[wordup] When a Test Fails the Schools, Careers and Reputations Suffer

Adam Shand larry at spack.org
Tue May 22 01:27:32 EDT 2001


why free software (that's free as in freedom, not free as in beer) is a
good thing?  Hmmm, certainly disclosure is a good thing eh?

adam.

(note nytimes url requires free registration)

URL: http://www.nytimes.com/2001/05/21/business/21EXAM.html?pagewanted=all
Via: http://slashdot.org/article.pl?sid=01/05/21/1842203&mode=flat

When a Test Fails the Schools, Careers and Reputations Suffer
By JACQUES STEINBERG and DIANA B. HENRIQUES
May 21, 2001

Sitting in his cramped office in Fort Wayne, Ind., with his calculator
running, John Kline became the first to suspect that a major test
publisher had erred in computing the standardized test scores of thousands
of his students.

As testing director for the local school system, Mr. Kline quickly alerted
the company, CTB/McGraw-Hill, but it did not fully investigate his
complaint at the time.

If it had, CTB would have discovered a crippling programming error in time
to prevent it from upending the lives of students, parents and educators
as it rippled across the nation over the first eight months of 1999. This
mishap, the most far-reaching in the recent history of school testing,
jolted school districts in at least six states, including New York City,
where it mistakenly sent nearly 9,000 students packing off to summer
school.

A post-mortem of how this error spread unimpeded for so long lays bare a
basic truth of standardized testing: school districts lack the ability to
uncover serious testing errors on their own, and must rely on the testing
companies to do so voluntarily.

Because the testing industry has succeeded in fending off various
proposals for federal oversight, the companies themselves decide what they
will disclose and when.

CTB's error hit hardest in New York City, the nation's largest school
system. Apart from the children, the most prominent victim may have been
the city's schools chancellor, Rudy Crew. The error showed - incorrectly -
that reading scores citywide had stagnated after rising for two years,
raising questions about Dr. Crew's leadership. Within months, he was out
of a job.

Before the mistake was discovered, Dr. Crew had been a leading advocate
for using standardized tests to hold students and educators accountable.
But now, as Congress is poised to vote on a presidential proposal that
would sharply increase the nation's reliance on standardized testing, Dr.
Crew says he has been chastened by his personal experience with the
testing industry.

"The answer is not to use test scores as the sole source of information
about a student's performance," he said. "These are human errors. They're
going to happen again."

The issue, then, is how the test companies handle mistakes once they
occur, educators say. A New York Times examination of CTB's error shows
that the company had been warned repeatedly by testing officials in
Indiana, New York City and other districts that their percentile scores
seemed wrong. While CTB told each not to worry, the company did not
mention the other complaints.

Then, after finding an error, CTB officials waited seven weeks before
passing that critical information on to New York City and other school
districts.

When told of these findings, Dr. Crew, who begins work next month at an
education foundation in San Francisco, expressed disappointment and anger.
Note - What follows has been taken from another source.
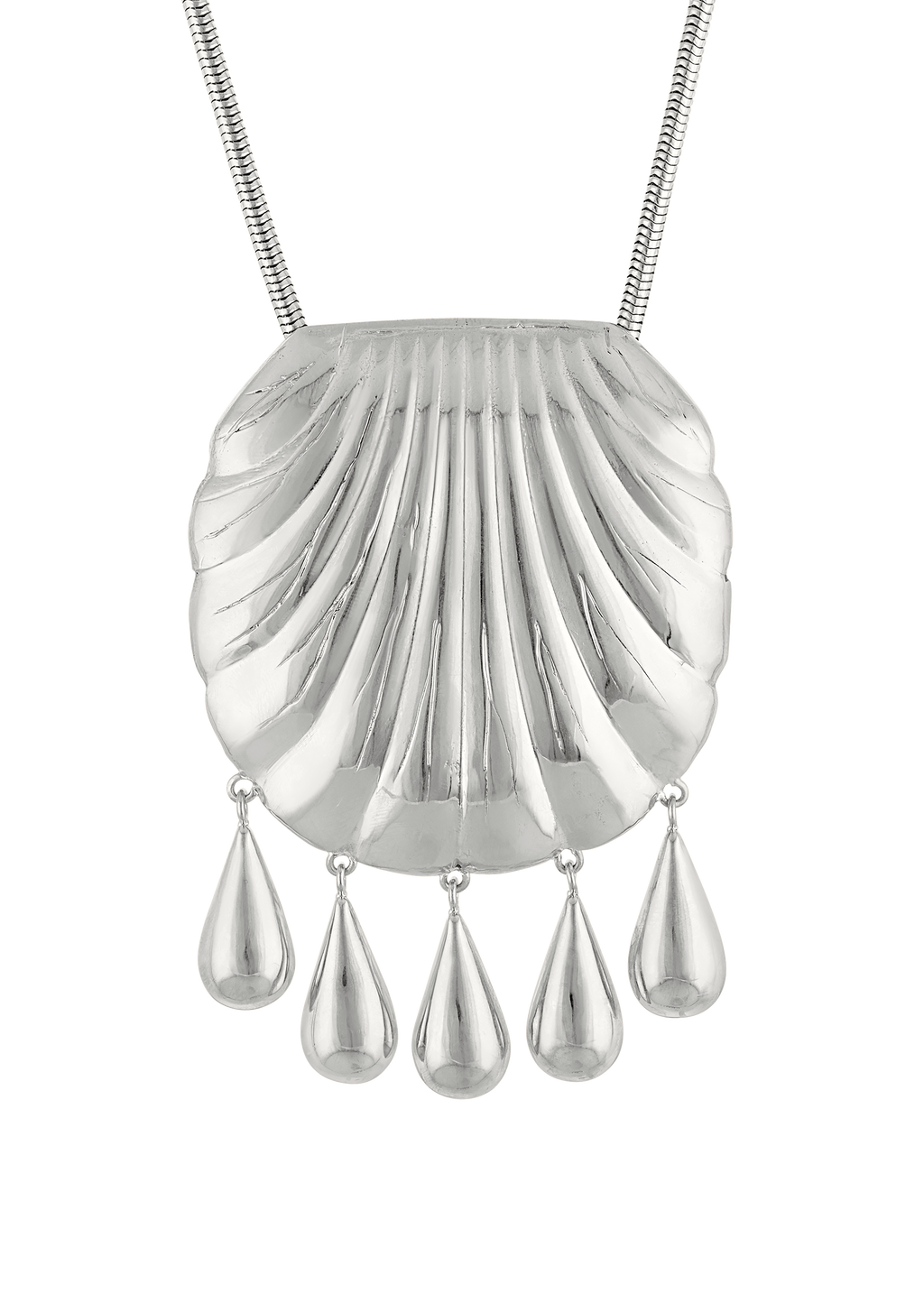 PETRA SHELL NECKLACE in Solid Sterling Silver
"What CTB did was lie," he said.

CTB officials say they did their best to uncover a deeply imbedded
software problem. Once the problem was located, the officials say, they
did not immediately alert any school districts because they wanted to be
absolutely sure of the damage it had caused.

"It was hard to see this," David M. Taggart, the company president, said.
"But, and I think this speaks to the integrity of our company, we didn't
stop looking."

Robert Tobias, the longtime testing director in New York City, does not
accept the company's explanation, particularly in light of the early
warnings that CTB received.

"They clearly did not check carefully enough," he said. "It's that
simple."

Dr. Crew sees a broader problem. "The largest testing companies are guilty
of what most people accuse public schools of," he said. "They've actually
got a monopoly."

In Indiana: The First Indication of a Costly Error

CTB has its headquarters in a tan fortress perched atop a hill overlooking
California's idyllic Monterey Peninsula. Founded in 1926 by a Los Angeles
public school official and his wife, CTB grew into an industry giant after
being acquired in 1965 by McGraw-Hill, a financial information and
publishing company.

CTB's biggest rival, NCS Pearson, might score more student tests - about
one in every two nationwide - but CTB is an industry giant, too, providing
test design as well as scoring. By 1998, nine million students were taking
CTB tests annually, about 40 percent of the market.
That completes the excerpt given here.